Bisnis.com, JAKARTA - Pembiayaan usaha mikro, kecil dan menengah (UMKM) oleh peer-to-peer (P2P) lending menjadi dilema. Di satu sisi pembiayaannya menawarkan kemudahan, tapi di sisi lainnya ada bunga pinjaman yang lebih tinggi.
Sekretaris Jenderal Asosiasi UMKM Indonesia (Akumindo) Edy Misero mengakui P2P lending menawarkan kemudahan pembiayaan yang tidak dimiliki perbankan. Hal ini yang membuat pertumbuhan pembiayaan UMKM oleh P2P lending mengalahkan pertumbuhan kredit bank.
Sampai Agustus 2024, outstanding pinjaman dari P2P lending ke UMKM badan usaha tumbuh 32,87% yoy menjadi Rp4,97 triliun. Di saat yang sama, kredit UMKM dari perbankan hanya tumbuh 4,3% yoy menjadi Rp1.379,4 triliun. Pertumbuhan tersebut bahkan terkoreksi dari pertumbuhan pada Juli 2024 yang mencatatkan pertumbuhan 5,1% yoy dengan total kredit sebesar Rp1.375,5 triliun.
Edy merasakan, perbankan dalam penyaluran kreditnya kepada UMKM sangat ketat dan hati-hati untuk menjaga risiko kredit macet.
"Kenapa pertumbuhannya lebih besar karena kalau kita mau jujur, apa yang disajikan perbankan lebih banyak kehati-hatian terhadap risiko. Makannya keputusan pemerintah misal Rp100 juta ke bawah tanpa jaminan, itu tidak diberlakukan. Karena perbankan takut kredit macet," kata Edy kepada Bisnis, Rabu (30/10/2024).
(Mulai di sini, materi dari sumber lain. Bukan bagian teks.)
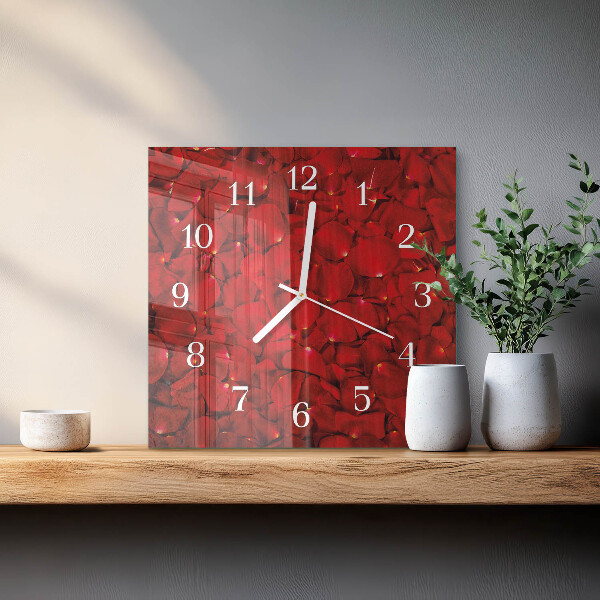 Orologio quadrato Petali di rosa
Sementara, Edy melihat hal serupa tidak terjadi ketika UMKM mengajukan pinjaman kepada P2P lending. "Kalau P2P lending ini ada slot di mana berani mengambil risiko tapi dengan bunga yang lebih tinggi. Jadi bunganya lebih tinggi," kata Edy.
Sebagai pengusaha kelas UMKM, Edy mengatakan bunga murah atau tinggi bukan menjadi variabel utama pertimbangan UMKM mengajukan dana. Pertimbangan utama menurutnya adalah kemudahan pemberian modal, di mana hal ini dimiliki oleh industri P2P lending.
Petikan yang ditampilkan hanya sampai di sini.